Opinion No.

The Honorable David Evans State Representative Post Office Box 856 Searcy, AR 72145-0856

Dear Representative Evans:

You have requested my opinion concerning the permissibility of a fire chief's service as a city alderman. You have specifically requested clarification of Attorney General Opinion No. 2004-069. I understand your question to be:

If a fire chief receives no compensation for his service, other than the small token amount that is paid to all volunteer firefighters in the department, can the fire chief serve as a city alderman?

RESPONSE

It is my opinion that a fire chief such as you have described, who is not highly compensated for his service as fire chief, can serve as a city alderman.
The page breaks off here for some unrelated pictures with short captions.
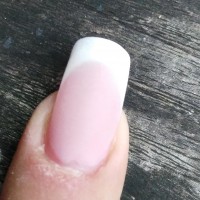 oben Entzündete Nagelhaut - Gelmodellage Feedback in Gelnägel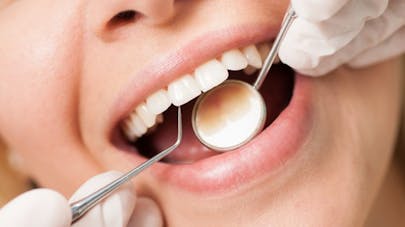 3 bons gestes pour éviter les caries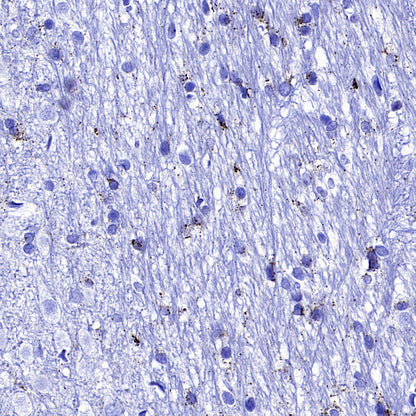 Galactosylceramidase Recombinant Rabbit mAb (S-3402-17)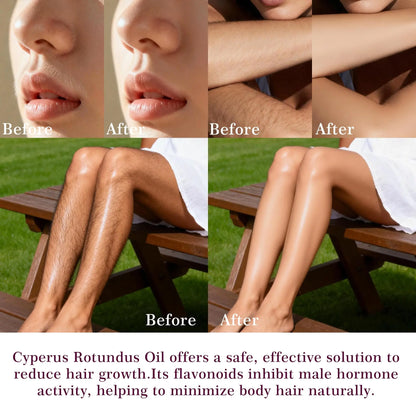 Cyperus Rotundus Oil Roll On, Natural Cyprus Cypress Rotundus Oil for Hair Removal, Reduces Unwanted Hair Growth, Soothes Skin
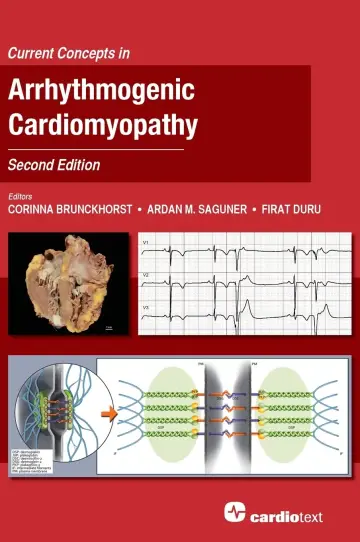 Cover of Current Concepts in Arrhythmogenic Cardiomyopathy, Second Edition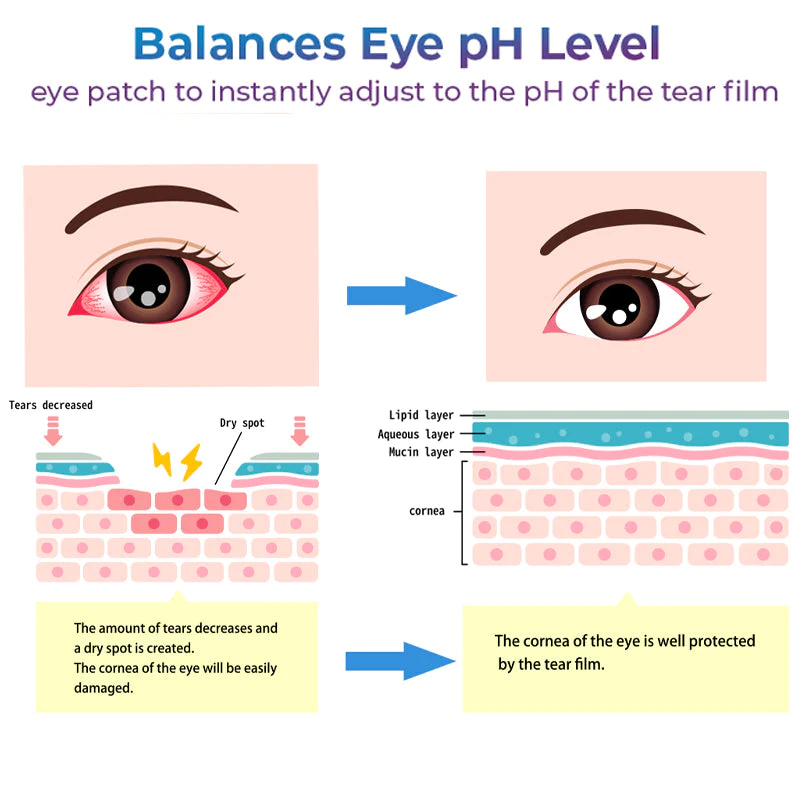 GFOUK Eye Therapy Patch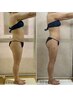 【痩身専用】世界特許インディバ温熱とインナーケアで美ライン実現への120分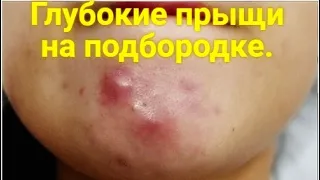 Глубокие прыщи на подбородке. Почему прыщи появляются и что с ними делать?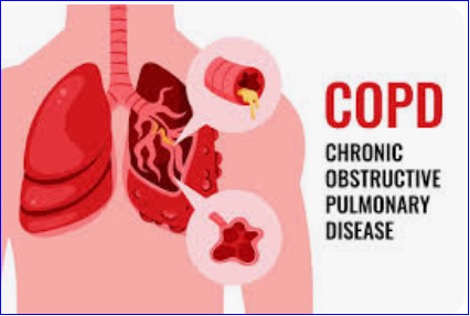 Merck spends $10 billion for Verona, gaining access to its COPD medication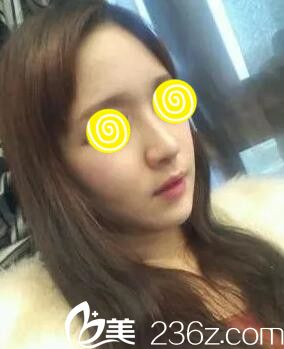 鼻整形半個(gè)月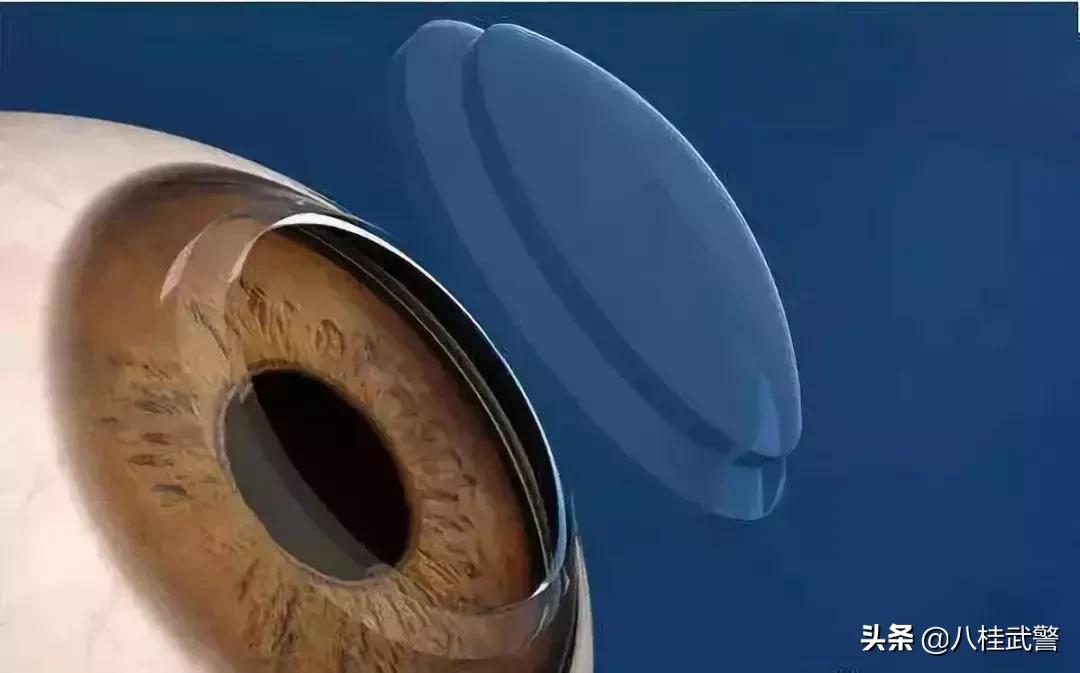 视力矫正可以当兵吗,视力矫正之后可以当兵吗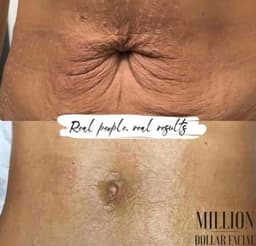 Million Dollar Body Treatment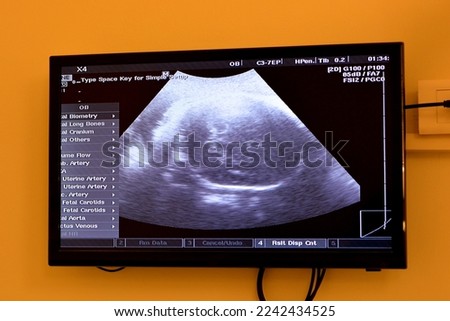 Ultrasonography on the uterus of a pregnant woman showing a healthy fetus, maternal ultrasound during pregnancy, pregnancy follow up and fetus health concept, ultrasonogram medical checkup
Your question arises out of Opinion No. 2004-069, which addressed the question of whether a city council member who was also a city volunteer firefighter could receive the same stipend that all firefighters received for attending fire department meetings. I opined that the individual could receive the stipend. In my discussion of the issue, I stated: "[if the individual is the fire chief or is highly compensated as a firefighter, his dual service on the city council and in the fire department may be prohibited by the principles that govern dual office holding."

The statute that governed both that situation and the one you have described is A.C.A. § 14-42-115, which states:

(a)(1) It is lawful for a volunteer firefighter or a volunteer police officer in any city of the first class, city of the second class, or incorporated town in this state to seek election to, and if elected, to serve as a member of the city council or other governing body of the city or town.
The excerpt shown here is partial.